The Enigma Gold pushes all that to the next level (although of course that's partly my interpretation; they're similar but not the same).  There's one taste aspect that really takes me back:  teaberry.   Those grow wild where I'm from--in Pennsylvania--and nothing has ever tasted like that, until now.  That taste is bright and sweet, and distinctive.  It tastes a little like those sweeter tones in the old scratch and sniff kid's products, which I haven't seen for a long time.

There's a lot more going on than just teaberry.  The aspects set takes what the Enigma version was doing and extends it.  One part is a little like cinnamon, and another a brighter citrus tone.  A bit of mineral balances all that,  not presented as astringency, not even as feel or structure; it's in the range of taste.  It gives up a little of that cooked mango fruit range for adding those layers but has more going on, and is probably a little fruitier, just in a different range.

Enigma Gold left, Enigma right

On the next infusion the Enigma doesn't transition much, still well balanced, not different.  The feel is nice, with good lingering flavor after, even brewed lightly.  That mango aspect reminds me a little more of pineapple this time, a little brighter.  It definitely includes citrus too, just not as heavy as muscatel typically comes across, in a lighter range.  I could guess an orange type to attribute it to but that would just be making something up to get an idea across:  blood orange?

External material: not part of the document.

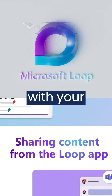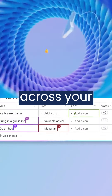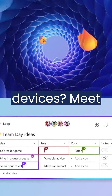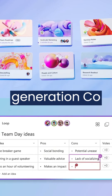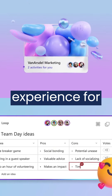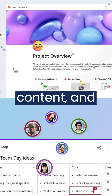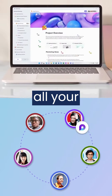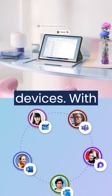Are you looking for a new way to collaborate with your team, create amazing content, and stay in sync across your apps and devices? Meet Microsoft Loop. Loop is the next-generation co-creation experience from Microsoft that brings together teams, content, and tasks across all your Microsoft 365 apps and devices.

The warmth picks up in the Gold version.  How those aspects balance really can't be described, it has to be experienced, but of course I'll start in.  It shares some of the feel of a lighter black tea, more in a Chinese style range, but it's not exactly like that, with a brightness and complexity coupled with flavors depth and range that only compares to Oriental Beauty (Taiwanese oolong, Bai Hao, Dong Fang Mei Ren, you know).

Enigma brewed leaves, colorful

If this was sold as a Darjeeling attempt at OB it would seem like they had some success with matching that style, or at least in interpreting it.  It wasn't; I'm just using that to help explain it.  The set of flavors--citrus, spice, other fruit--is the same, and the mid-level oxidation isn't far off either.  This must be slightly less oxidized than a typical OB (70-80% oxidized for those, as I recall, as much as specifying that even makes sense).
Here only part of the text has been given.